◆ Problem statement ◆
Omit the pictures and reproduce the rest of the listing exactly.

◆ Dataset extract ◆
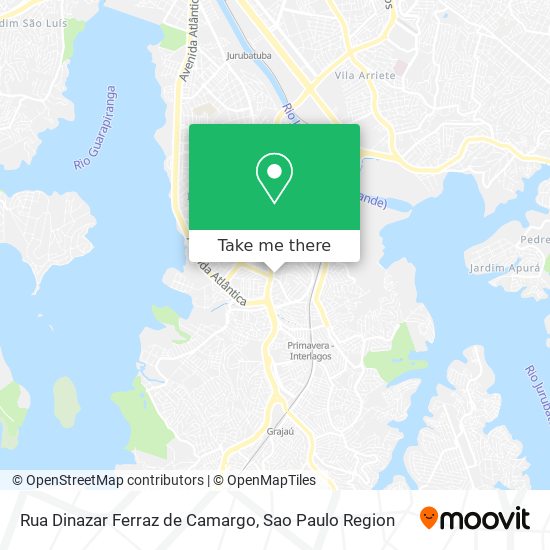 Mapa Rua Dinazar Ferraz de Camargo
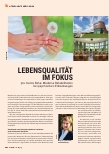 Vorschauseite 1: LEBENSQUALITÄT IM FOKUS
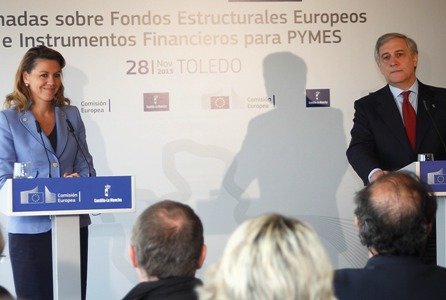 El vicepresidente de la Comisión,Tajani: “A nivel europeo, es un modelo lo que está haciendo Castilla-La Mancha”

◆ Solution to this problem ◆
 Mapa Rua Dinazar Ferraz de Camargo
 Vorschauseite 1: LEBENSQUALITÄT IM FOKUS
 El vicepresidente de la Comisión,Tajani: “A nivel europeo, es un modelo lo que está haciendo Castilla-La Mancha”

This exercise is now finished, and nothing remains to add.